Thursday, August 2, 2018

Interest rates, yield curves, and debt growth

[File under unwarranted speculation.]

This represents a speculative synthesis of some analysis I've done using the dynamic information equilibrium model on [1] debt growth, [2] yield curve inversion, [3] higher than "expected" interest rates, and [4] the possibility of coming recession. In particular, I noticed that the shocks to the debt growth indicator (green) — net debt issuance relative to assets — in Credit-Market Sentiment and the Business Cycle by David Lopez-Salido, Jeremy C. Stein, and Egon Zakrajsek (2015) I looked at in [1] seemed to match up with cases where the flattening AAA - 3 month spread fell within the error of the Moody's AAA model (blue):


Click to enlarge for all graphs. That is to say: is the debt growth indicator another measure of the yield curve indicator? When e.g. the 3-month rate becomes comparable to the AAA rate, does debt growth suddenly slow?

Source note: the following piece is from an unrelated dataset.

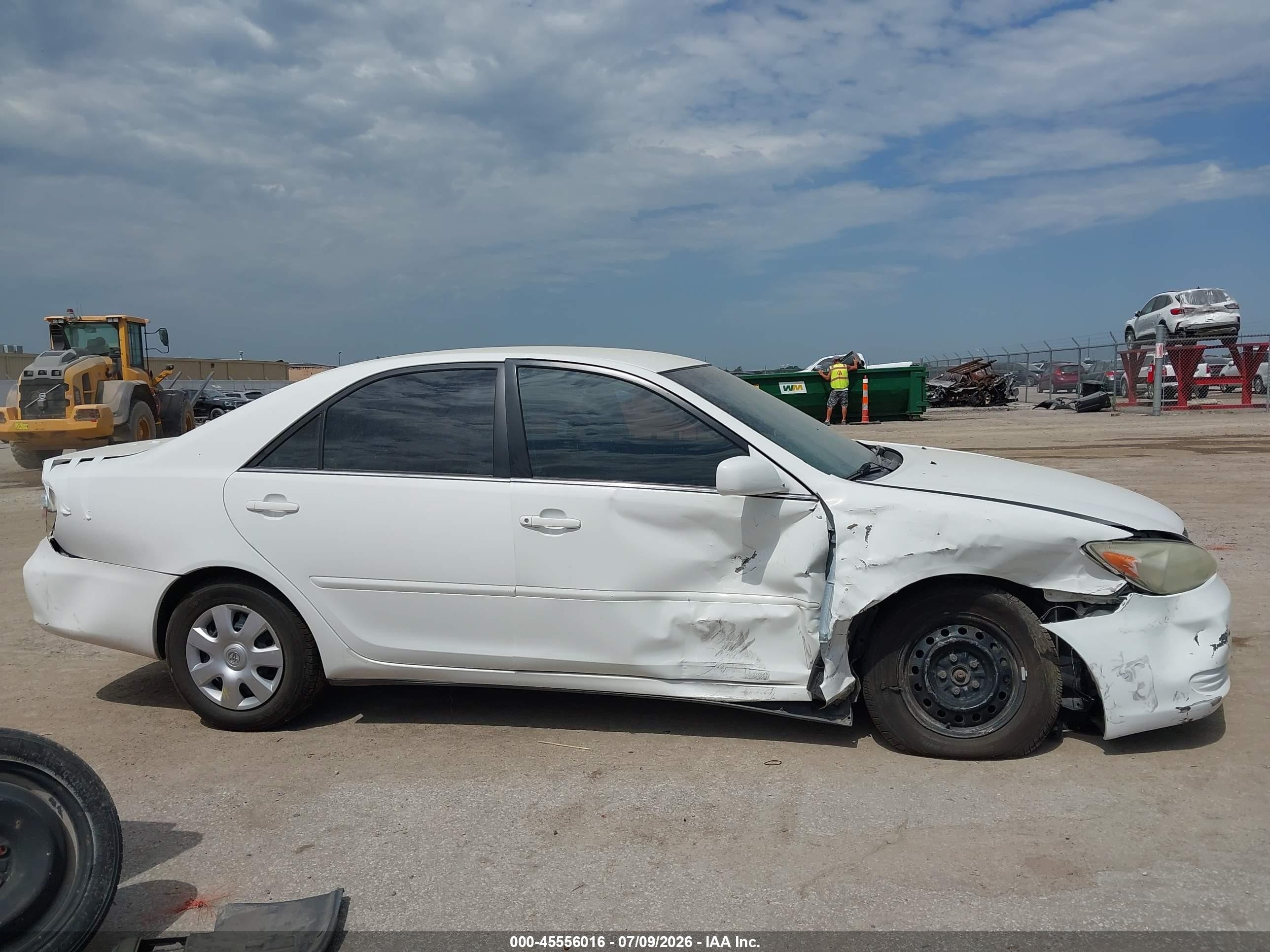 2004 Toyota Camry Le White vin: 4T1BE32K64U367781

Unfortunately the data from Lopez-Salido et al (2015) was too coarse to get a firm estimate of the timing (uncertainty in the location of the "shocks" to debt growth is shown as green bands). Here's a zoom in on the more recent data with the simple linear extrapolation of the 3 month rate:


Latest daily AAA data is in black. This is effectively the same picture I've been showing looking at all the interest rate spreads in [2]:


Latest (daily) data is in red this time. There's also the "above expected" interest rate indicator in [3]; current 10-year rates are above the "expected" (i.e. information equilibrium) value:


This indicator doesn't really get us any timing information, though. Recessions have rarely occured when the rate was below the expected value, but when rates are over the value there is variable amount of time before the recession hits. I've made a speculative analogy with avalanches before — above expected rates are like snow building up on a mountain, and it likely takes some trigger to set off the avalanche (i.e. recession). In general, all of these measures point to a recession in the 2019-2020 time frame that is consistent with the labor market data (JOLTS) in [4].